Windows on the World 9 страница



час. 34 мин

В 9.34 служащие Cantor Fitzgerald залезли под металлические столы, чтобы превратиться в угли каждый в своем углу. Человек пятьдесят собрались в конференц-зале; мы не знаем, молились ли они, но по телефону они очень часто повторяли слово «God». На 92-м, у Carr Futures, все стояли по колено в воде. Две дюжины брокеров задохнулись прямо в разгар сессии и лежали штабелями у двери, как в газовой камере. На 95-м левое крыло самолета распороло потолок, стены, окна, справочный киоск и даже мраморную стойку приемной. Было абсолютно темно, кругом струилась кровь и пахло палеными волосами; только тишина и неподвижные тела. В Южной башне, у Keefe, Bruyette & Woods сотрудники отдела инвестиций спустились вниз и остались в живых; но все трейдеры погибли, потому что боялись проморгать момент начала торгов.

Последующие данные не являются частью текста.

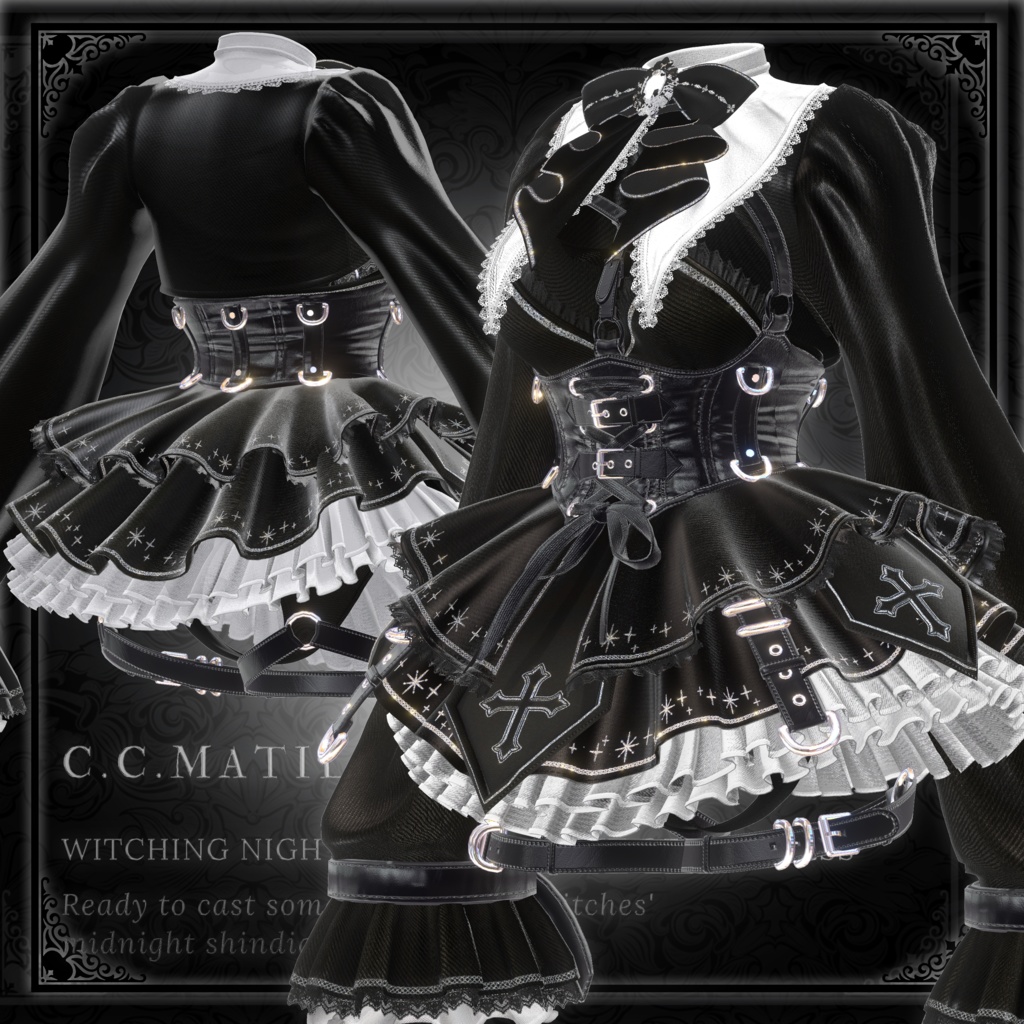 ✟ギミック付き衣装✟グリモワール✟15avatar対応✟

Над городом идет снег. Тротуары покрываются белой пудрой, она летит на асфальт с неба, как Одиннадцатого сентября, только на этот раз она естественная. Со смотровой площадки на вершине Эмпайр-стейт-билдинг город выглядит так, словно покрыт белым чехлом, как диваны в заколоченном загородном доме. Но доносится вой полицейских сирен, рокот и вибрация большого города. Мало кто из туристов решился прийти сюда сегодня утром; ледяной ветер метет поземку, режет глаза. Из громкоговорителя несется песня Эллы Фицджеральд: «In my solituuuude, you hauuunt me». Панорама размыта, но, приглядевшись, я могу отличить камень от воды, даже вижу волны на поверхности Ист-Ривер, округлые черно-белые складки. Над моей головой – шпиль Эмпайр-стейт-билдинг, к нему, по замыслу, должны были швартоваться дирижабли. Он похож на стрелу Эйфелевой башни, которую американцы пытались превзойти с 1899 года: этот шпиль превзошел ее в 1931 году. Я обхожу всю площадку: за снежной стеной видны дымящие трубы, словно Нью-Йорк – это гудящая кузница, завод с десятью миллионами рабочих. Разные оттенки серого громоздятся пластами под белой, словно сахарная пудра, скатертью, а потом вдруг – оранжевое пятно: брезент вокруг строящегося здания; или позолоченное пятно: купол какого-нибудь небоскреба; или серебристое пятно: отливающий перламутром «Крайслер» в снежной вате. Влюбленная парочка просит сфотографировать их. Я их ненавижу. Их беззаботность хлещет меня по щекам, словно ледяной воздух. Мне хочется схватить девицу за меховой воротник и заорать ей в лицо:

– Пользуйся, пока можешь! В один прекрасный день он пойдет по бабам с приятелями, а ты будешь изменять ему в гостинице с коллегой по офису. В конце концов ты его бросишь, и кто будет хранить фотку, которую я сделаю? Да никто. Только понапрасну тратить пленку, которая будет валяться в обувной коробке где-нибудь в глубине шкафа.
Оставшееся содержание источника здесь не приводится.